Insects and the City

Eco-sculpting
by Amanda Giddon -- March 3rd, 2014

Upon hearing the word twiggy, I first think of the wide-eyed, 1960’s model, and then dwell upon nicknames from my lanky phase in middle school, from which I am still recovering. However, North Carolina’s own Patrick Dougherty brings new, green meaning to the word. When Dougherty spies saplings along the periphery of the Highway 147, he envisions massive works of environmental art. One tree-inspired project can require truckloads of saplings, and up to a 3-week construction period.

Photograph from stickwork.net

Photograph from stickwork.net

The architecturally striking constructions are mysterious, whimsical, and dynamic. They are a dream tree house for a child, and a visually stimulating sanctuary for adults. Dougherty’s biological beauties are often integrated into existing environments, and become entangled with surrounding flora.

Photograph from stickwork.net

Photograph from stickwork.net

The photographs alone are experiential. The trees come alive, and awaken my inner naturalist. Whether it is the willowy wigwams, or what resembles tree-formed teapots, I implore you get twiggy with it,and keep an eye out for Dougherty’s “Stickwork” in North Carolina, and around the globe.

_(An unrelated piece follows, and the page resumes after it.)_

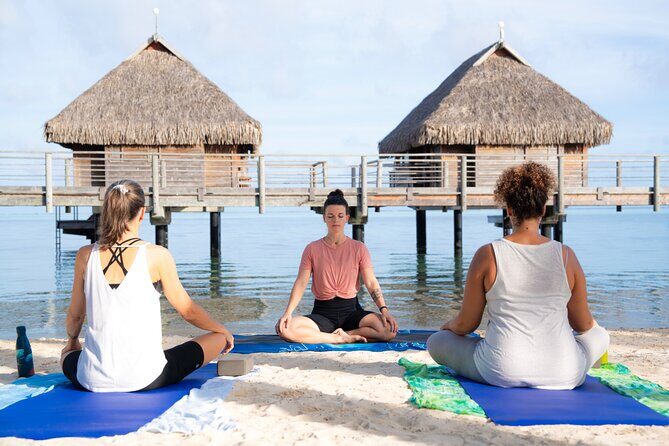 Yoga on the paradise beach of Manava Moorea - Yoga on the paradise beach of Manava Moorea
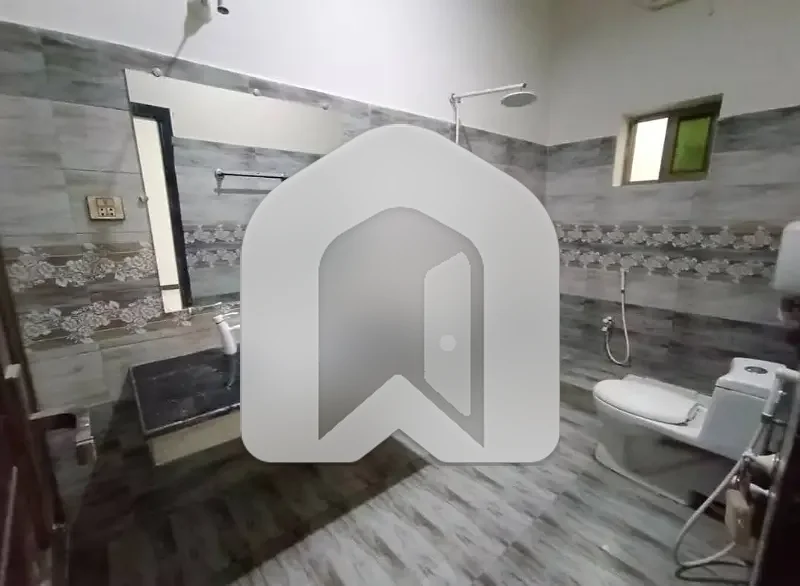 9 Marla Ground Portion. Bedrooms. 3 With Bathrooms. 4 Dining Room TV Launch Kitchen Car Parking This House Available Government Of Pakistan Hiring Purpose Available All Facilities In Life Available, photo 7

If you prefer surf to turf, you may be partial to the artistic efforts lead by Angela Pozzi. Angela’s project, called “Washed Ashore” creates large-scale sculptures that range from jellyfish to coral reefs. From a distance, the sculptures are colorful, charming and beachy, but as you approach, the figures get trashy – literally. Washed Ashore collects plastic that washes up on the shore in Bandon, Oregon, and community members all pitch in to sort, clean, and build with the debris. Angela says, “I aim to grab people with the power of the sculptures, which are beautiful and then become horrifying.”

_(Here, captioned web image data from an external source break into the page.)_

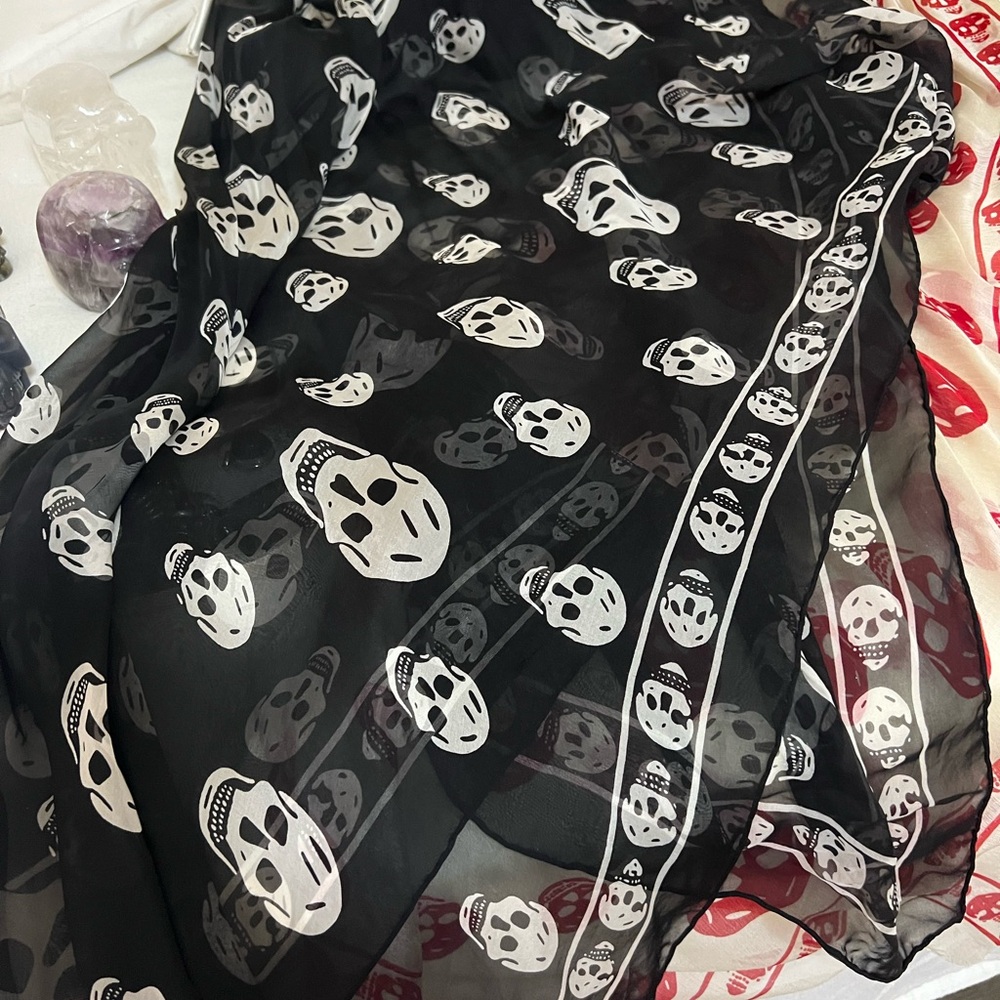 Alexander McQueen scarf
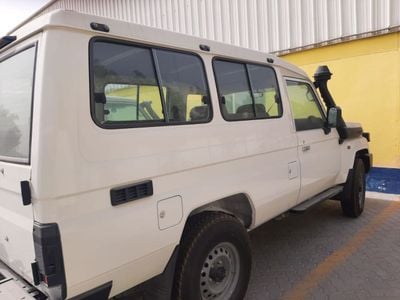 Toyota Land Cruiser 70 TOYOTA LAND CRUISER LC78 3DOORS HARDTOP 4.0L PETROL AT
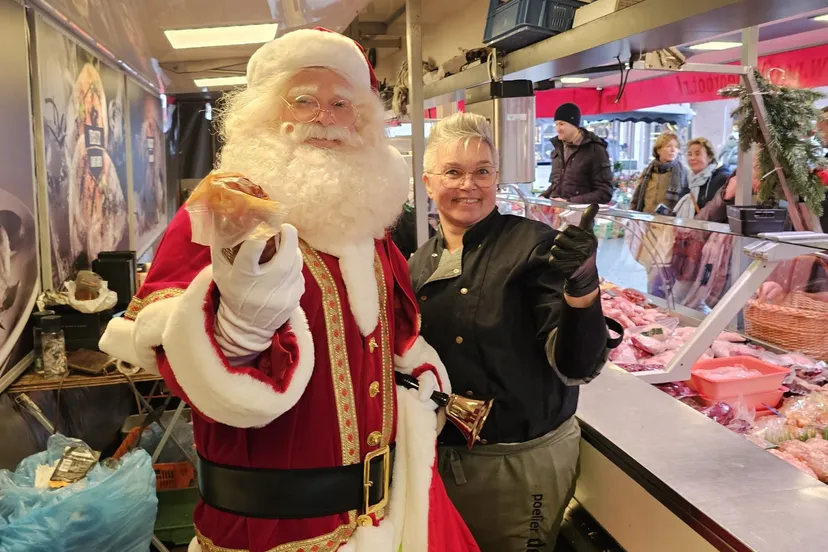 2023 12 22 kerstman op markt hoevelaken 2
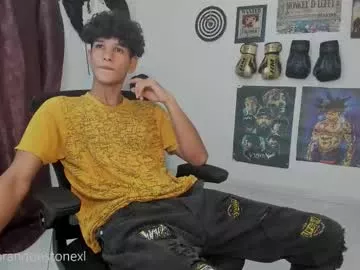 Offline brandonstonexl on Chaturbate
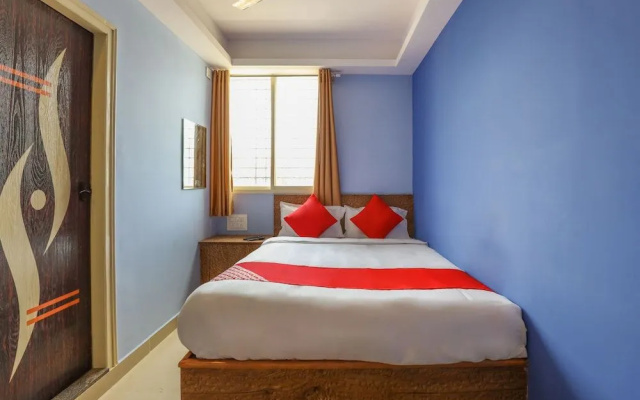 OYO Flagship 49293 Hotel White Walkers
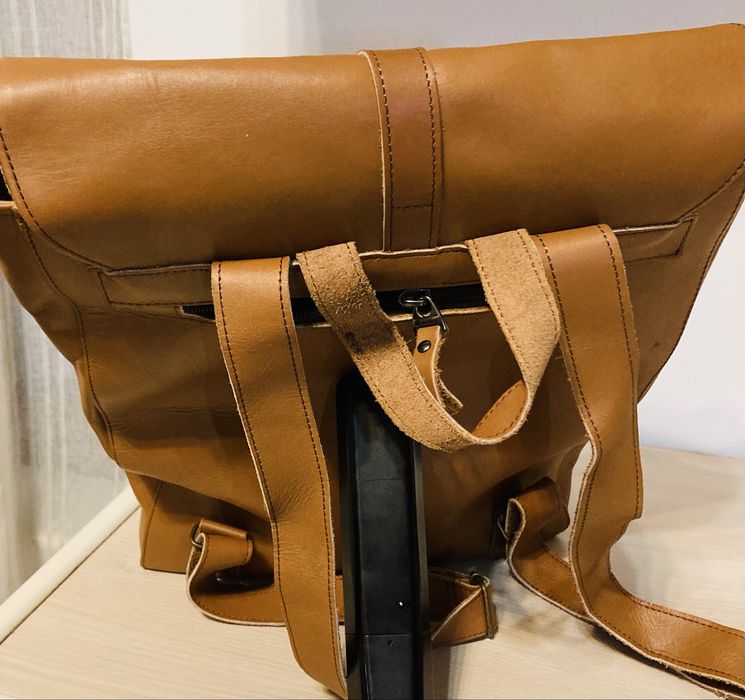 Rucsac maro din piele naturala, nou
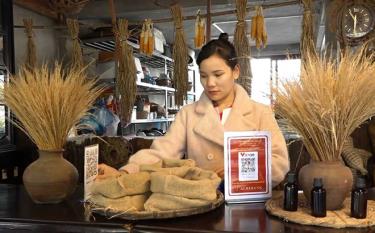 Homstay trên địa bàn thị xã Nghĩa Lộ tạo các điểm thanh toán không dùng tiền mặt.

Photograph from http://ocean.si.edu

Photograph from http://ocean.si.edu

 These two artists, diverse in their materials and in their practice, inspire me to create. Specifically – create change. No matter the medium, bent sticks or bleach containers, within each lies a dormant environmental message, waiting to surface. Itching for more? Check out some more environmental artists here.

henry-the-fish

Photograph from http://ocean.si.edu

1 Comment

  1. Jade Pennington
    Mar 6, 2014

    I love this! I’ve followed Patrick Dougherty’s work for some time, and I’m so glad you profiled him. I have not heard of Angela, but I appreciate her idea to engage the whole community in trash collection for art. Brilliant. Great entry, thanks.